The Faculty Union has voted to authorize a strike, but that does not necessarily mean they will do so.

The faculty may choose to strike after 10 days of filing an intent to strike. They filed their intent to strike April 11, meaning the faculty could strike on April 21 or any day after within the semester.

The administration met with union members Friday and both brought proposals for a hopeful agreement. The two parties plan to meet three times next week or until a settlement is reached.

The union will strike this semester or they will likely not strike at all.

In an email, Charitianne Williams, who is a Senior Lecturer and a faculty union member of the bargaining committee, wrote that the union wants a fair contract now, referring to faculty having negotiated for over a year while working without a contract. “We have seen and analyzed budgets and funding, studied contracts at other universities, and are not asking for anything that has never been done at other universities,” Williams wrote.

Many of the arguments surround requests or higher wages and transparent disciplinary processes, meaning the union seeks to establish a shared process on disciplining or dismissing instructors at UIC, and that both faculty and administration should follow and understand a standard practice.

According to the faculty union’s website, more than 93 percent of voting union members voted ‘yes’ to the strike authorization.

Poll boxes were present on campus for three days. The casting ballots included one sheet for tenure track faculty and another for non-tenure track members, due to legality that entails two similar contracts, former faculty union president and professor of Economics, Joseph Persky said.

Persky said he is surprised to see the possibility of a strike after the union struck in 2014 to reach a contract and won.
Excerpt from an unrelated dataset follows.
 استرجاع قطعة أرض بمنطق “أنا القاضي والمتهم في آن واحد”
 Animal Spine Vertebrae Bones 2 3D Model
Provost Susan Poser sent a mass email to faculty and students Friday that partially read “the UIC United Faculty (UIC UF), the union representing the bargaining unit of UIC tenured/tenure-track faculty (excluding faculty in the colleges of medicine, pharmacy, and dentistry), and the bargaining unit of non-tenure track faculty has given notice of an intent to strike.” She said the administration remains hopeful to avoid a faculty strike.

Not every faculty member is a part of the union. While the percentages of union membership per department may not be released by the union, for reasons of confidentiality, some departments are known to be rallying supporters of the efforts while other departments may have significantly less ability to collectively vote or participate.

Each individual may choose to work or not work in the event of a potential strike.

An anonymous source described her experience as an Assistant Professor. She may not work at UIC permanently and is not a union member. If a strike occurred, she may continue to hold her classes as final exams approach. “It’s not that I think unions are wrong. It’s that personally, I’m not a strong union proponent at this point in my life.”

The source said that faculty may experience differences in pay in opportunities outside of the university, which could cause a difference in opinion about union activity, despite the overwhelming support for the authorization of the strike vote from union members.

The source said many of her students are graduating and that prospective employers often require a final grade from the students.

Katya Kulik is a visiting lecturer, meaning she is a non-tenure track faculty member. Kulik voted to authorize the strike but hopes it will not happen. “I think at this point everyone hopes the strike will not happen, but negotiations aren’t settled if two weeks it could be inevitable.”

Kulik added that union activity may not have a long-lasting effect on her career, depending on where she is hired, but “small battles” are necessary. She said her pay could be much lower at other colleges in the city but she still agrees with the union’s requests.

The potential strike follows at the heels of the Graduate Employee Organization, as they settled on a tentative agreement last week after a three-week strike. GEO will receive a $2,550 wage increase over the next three years which is the largest pay increase in the young union’s history.

“The Chancellor and the Provost have a vision for the university but it is too narrow,” Persky said. “The administration has dragged their feet on a fair settlement for the faculty.”